You are not logged in.
I wasn't aware that [A-Z] was a valid grep string. I believe egrep (or simply grep -e) handles posix (extended) regular expressions.
As far as I know it is. It's part of the basic regex. Now this, for example (using the OR operator):
[A-B]|[a-b]
won't work unless you do:
grep -E
(the option for extended regex is '-E' not '-e'. by the way).
Offline
About the LC_COLLATE,
setting it to LC_COLLATE=C does indeed take this problem away, unsetting it causes it to react to lowercase as well.mico : I confirmed your testing as well, it did indeed not color lowercase 'j' using [A-Z] range
I'm on deep water in this, but hope someone knows whats going on "behind the scenes". Could probably learn something good from this, I hope so at least
$ echo J | grep --color=always [A-Z]
J (orange)
$ echo j | grep --color=always [A-Z]
j (white)
$ echo j | grep --color=always -i [A-Z]
j (orange)
$ echo j | grep --color=always [a-z]
j (orange)
I think what may be happening here is a two stage process (when LC_COLLATE is not set to 'C').
1) The character ('j') is first found in the pattern [A-Z] using the LC_COLLATE variable;
2) it then gets colorized based on the pattern as if locale were set to a default, 'LC_COLLATE=C'.

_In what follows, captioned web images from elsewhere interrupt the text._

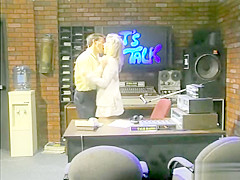 Talk Dirty To Me 10 - Scene 2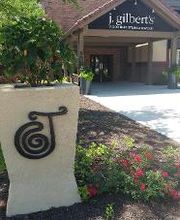 J. Gilbert's Wood-Fired Steaks & Seafood Kansas City image 1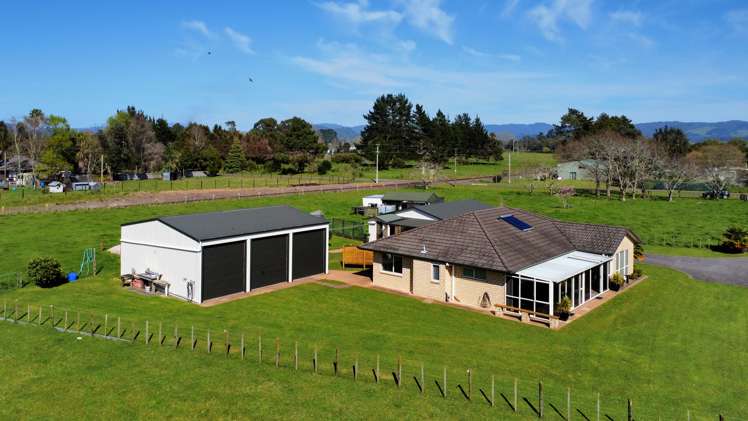 25 Lambert Road Putauaki_25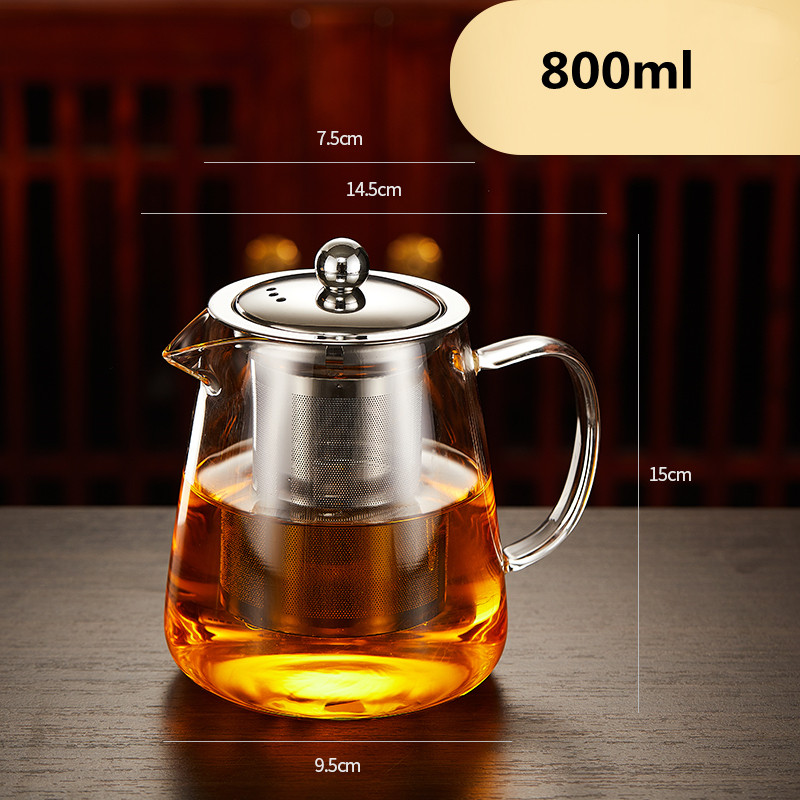 【800毫升】.jpg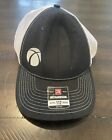 Xbox Hat Adjustable Ball Cap Richardson 112 SnapBack Trucker Hat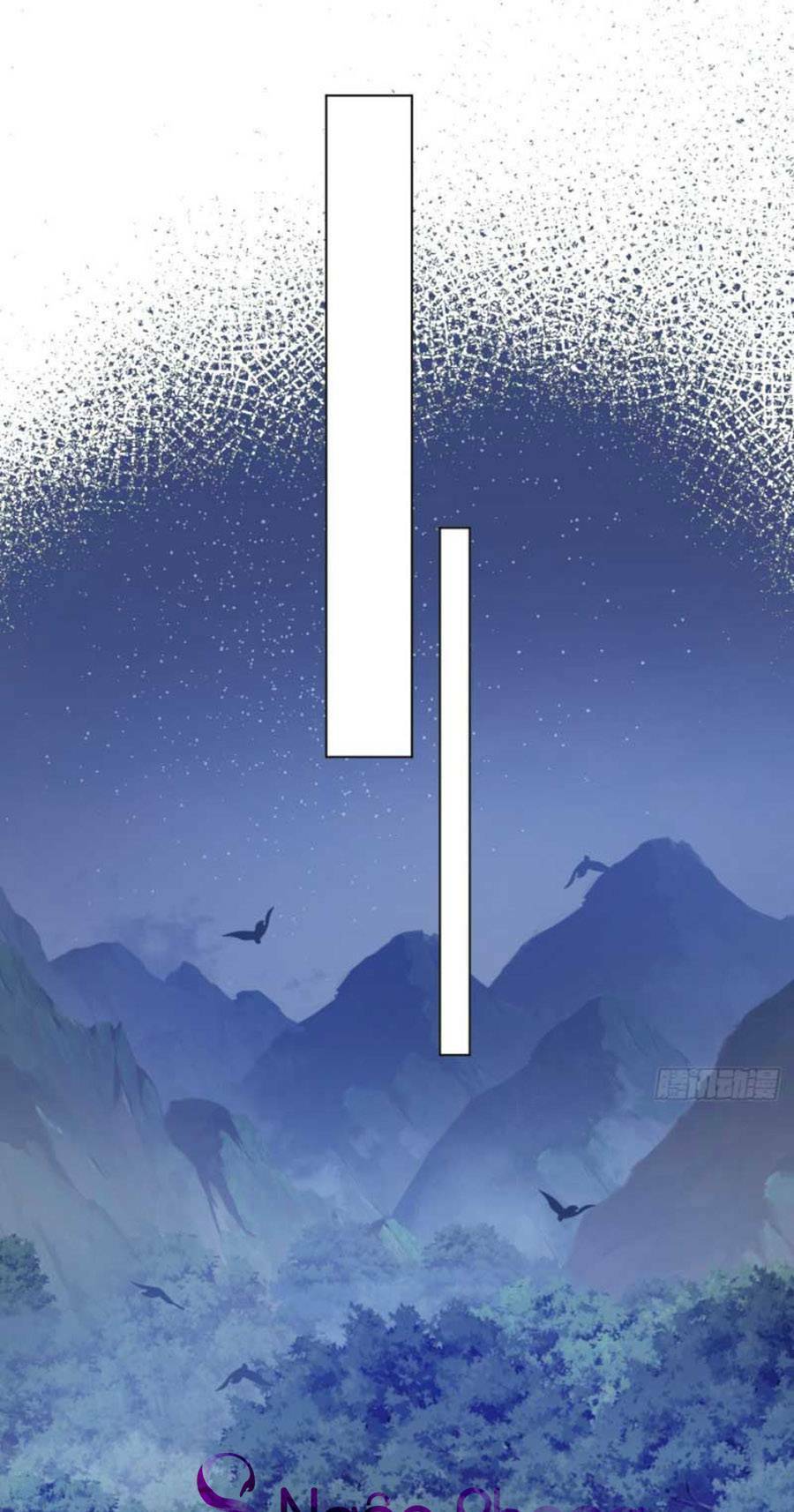 Ninita Yêu Dấu Chap 1 - Next Chap 2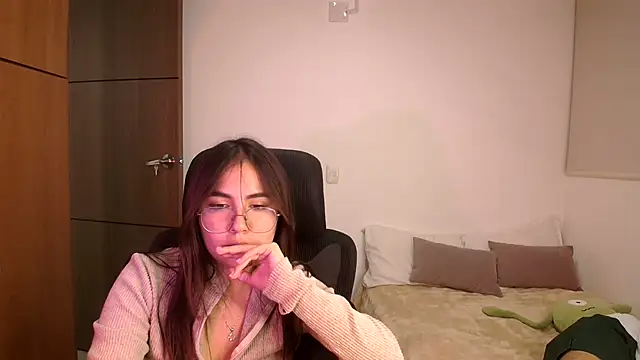 abbyyandmaxx online show from July 2026 03:42:01 AM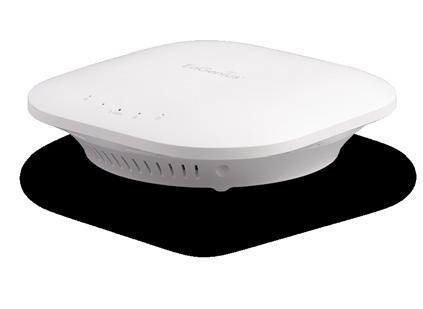 Compare Indoor Managed Access Points EWS360AP EWS320AP EWS310AP EWS210AP Standards 802.11a/b/g/n/ac 802.11a/b/g/n 802.11a/b/g/n 802.11b/g/n Frequency 2.4 & 5 GHz 2.4 & 5 GHz 2.4 & 5 GHz 2.4 GHz 2.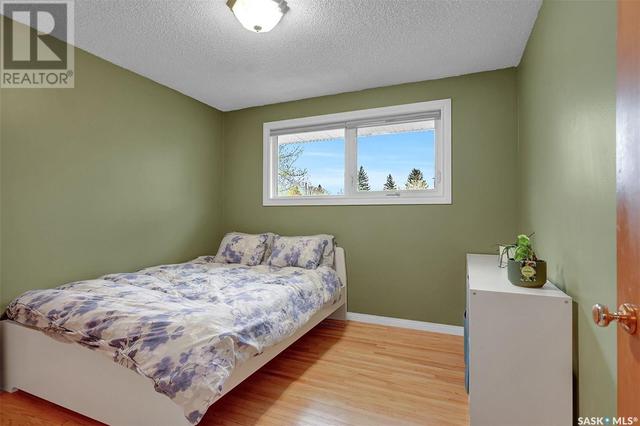 4120 Garnet St, House detached with 3 bedrooms, 3 bathrooms and null parking in Regina SK | Image 14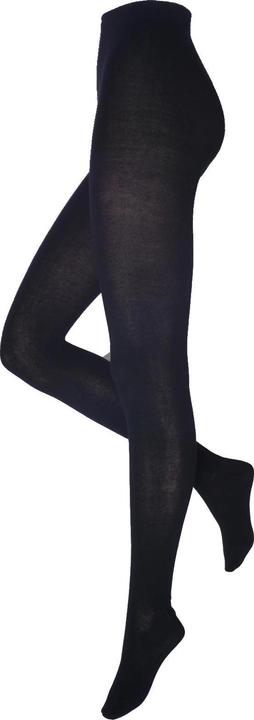 399 black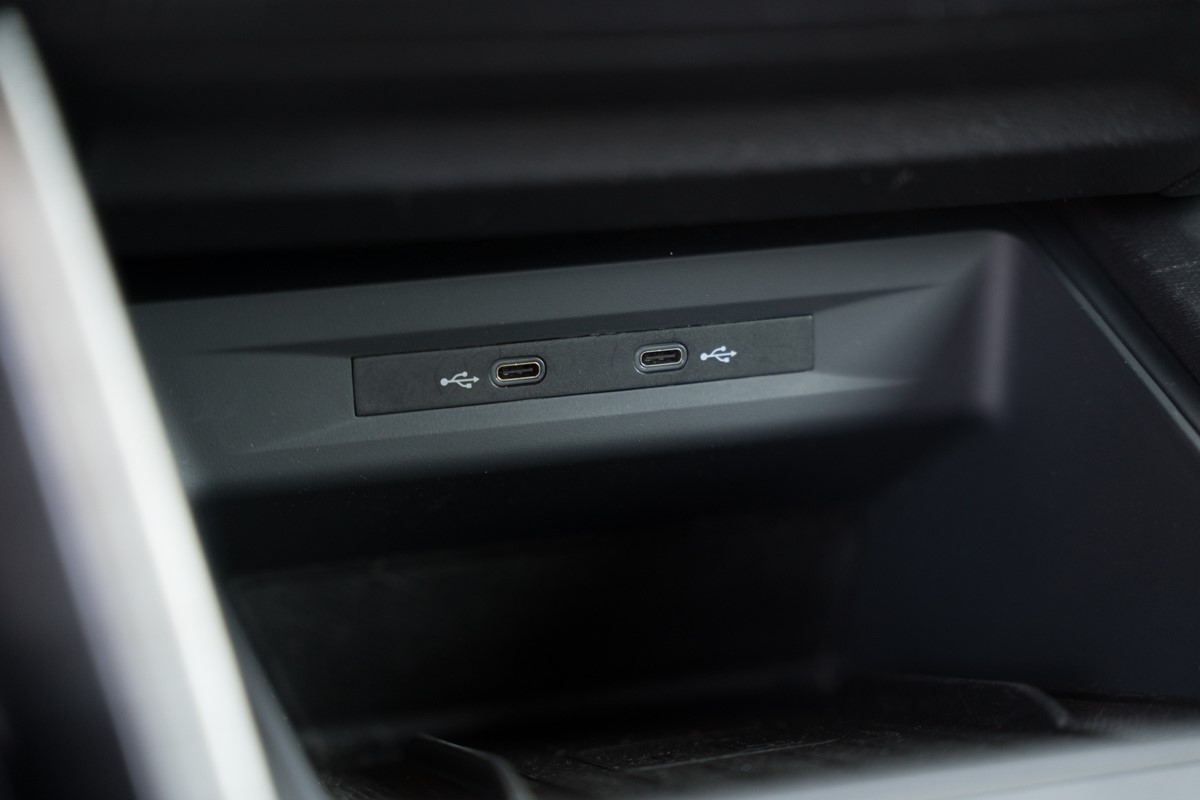 Cupra Formentor 2.0 TDI DSG 4Drive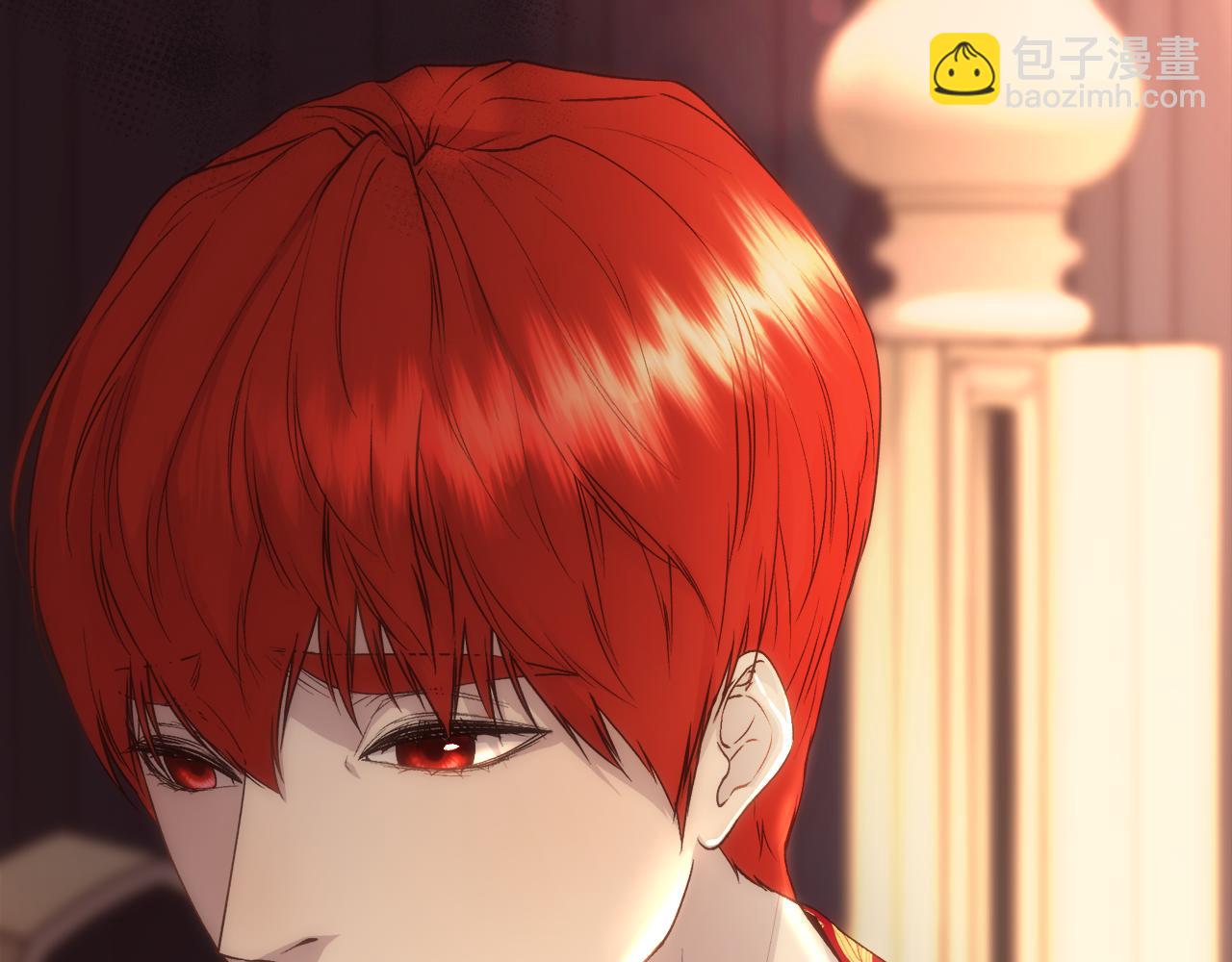 第57话 爱与不爱(1/4)-第58话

So, the string is found based on the looser collation of the LC_COLLATE variable (where [A-Z] == [Aa-Zz]), but that result is then colorized based on the stricter LC_COLLATE=C (where [A-Z] == [A-Z] != [Aa-Zz]).
Just a theory.
Last edited by MrWeatherbee (2007-11-29 17:36:52)
Offline
interesting.
$ echo j | LC_COLLATE=C grep "[A-Z]"
$
$ echo j | grep "[A-Z]"
j
LC_ALL unset and others at en_US.utf8
but why different results on different grep versions (see initial post)?
Last edited by lloeki (2007-11-29 18:12:15)
To know recursion, you must first know recursion.
Offline
but why different results on different grep versions (see initial post)?
Notice it's also, apparently, two different machines. (look at the prompts)
Their environments are probably different.
Offline
Downgraded boogie
boogie:> pacman -Q | grep grep
grep 2.5.1a-4
boogie:> echo j | grep "[A-Z]"
boogie:> locale
LANG=en_US.utf8
LC_CTYPE="en_US.utf8"
LC_NUMERIC="en_US.utf8"
LC_TIME="en_US.utf8"
LC_COLLATE="en_US.utf8"
LC_MONETARY="en_US.utf8"
LC_MESSAGES="en_US.utf8"
LC_PAPER="en_US.utf8"
LC_NAME="en_US.utf8"
LC_ADDRESS="en_US.utf8"
LC_TELEPHONE="en_US.utf8"
LC_MEASUREMENT="en_US.utf8"
LC_IDENTIFICATION="en_US.utf8"
LC_ALL=
boogie:>
--HAPS
Offline
I guess problem really isn't with grep, though it seems strange to change your locale on one value.
I'm using [[:upper:]] and [[:lower:]] in scripts, because it's too much of a pain to keep the old version of bash around.
--HAPS
Offline